The UK people now largely know the EUSSR are for the monster that it is and those who are still in the dark become fewer every day. The EU is failing as an economic entity and it is apparent that overall, the UK would be 'better off out' economically as well as in terms of clawing back our lost freedoms.

If Dave wins the next election outright and then does not try to wriggle out of holding the referendum on some pretext or other and then, against my expectations, he actually wins through to keep the UK in the EUSSR by another massive con trick, the margin of any victory for him would be very slight. The matter would not just go away afterwards. UKIP is here to stay and so will be the discontent with the EU that would only grow larger as it continues to take control over our country and makes more unpopular decisions. So, if Dave 'pulls a rabbit out of the hat' this time, it will only postpone the inevitable not change it.

Denis Cooper said...

"The Foreign and Commonwealth Office has published a previously confidential account of the 1974-75 renegotiation of the UK's EU membership under Harold Wilson's Labour Government."

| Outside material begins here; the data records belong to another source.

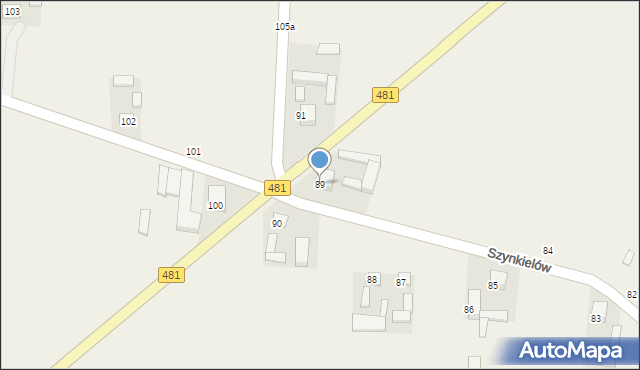 Szynkielów, Szynkielów, 89, mapa Szynkielów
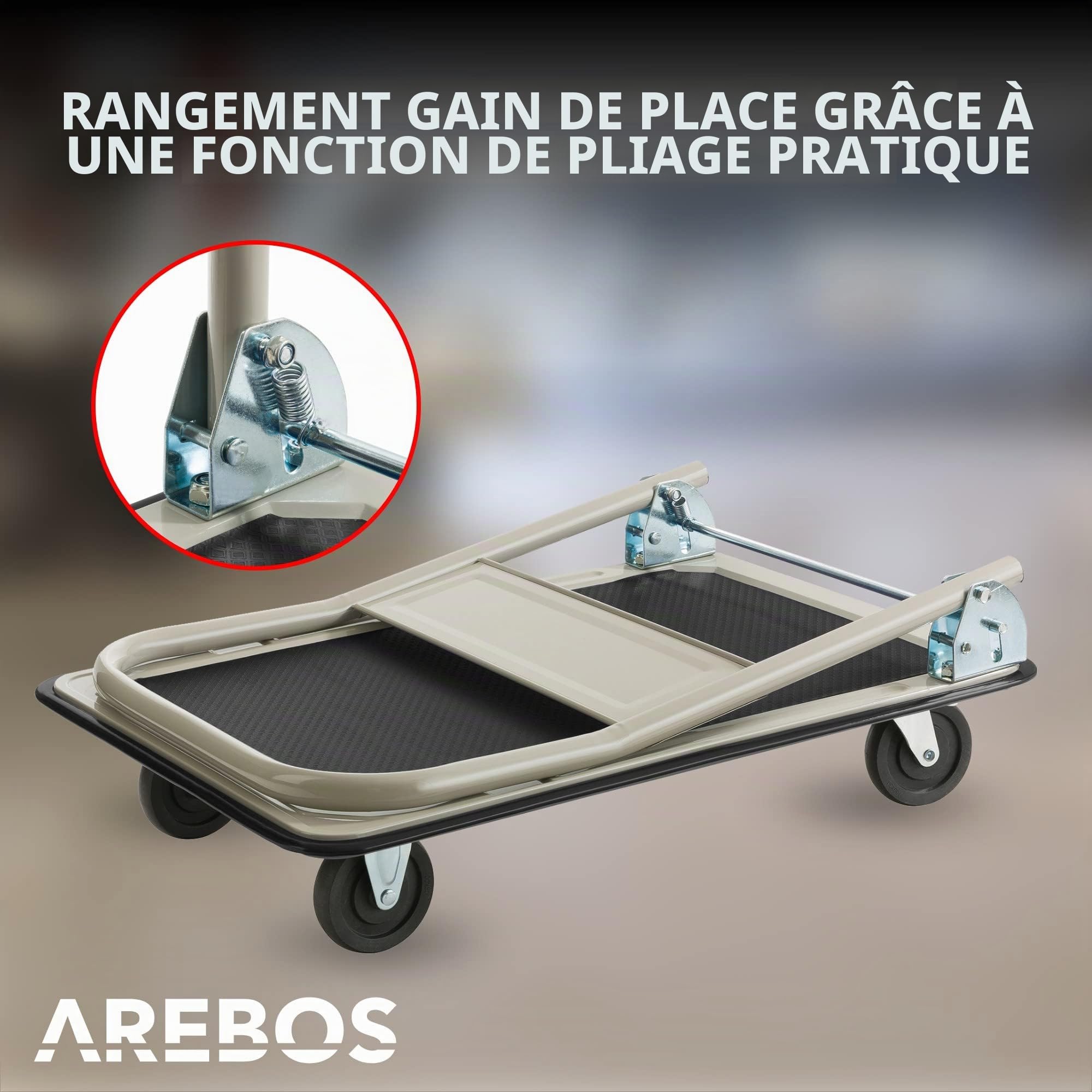 Arebos Chariot à Plate-Forme Chariot de Transport Manuel | Pliable | 150kg | 4 Roues | Polypropylène et Métal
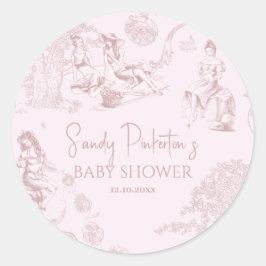Pegatina Redonda Elegante Baby Shower rosado de Jouy Picnic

Until I've had a chance to read all of its 200 plus pages I will restrict myself to a single general question:

"Precisely why has the FCO chosen to publish this confidential report now, nearly four decades after the event?".

Whatever their reason it is very unlikely that they suddenly have the best interests of the British people at heart.

Anonymous said...

With the MananaZone now heading full steam into a deflation trap the Single Market (don't make me laugh) is shrinking by the day. Europe will soon be just another dog that has had its day.

Soon the Euro-Sovereign debt crisis will re-appear and, for some nations, default beckons.

The EU is overseeing the largest destruction of monetary value in the history of this planet.

When do we get to hang these chumps?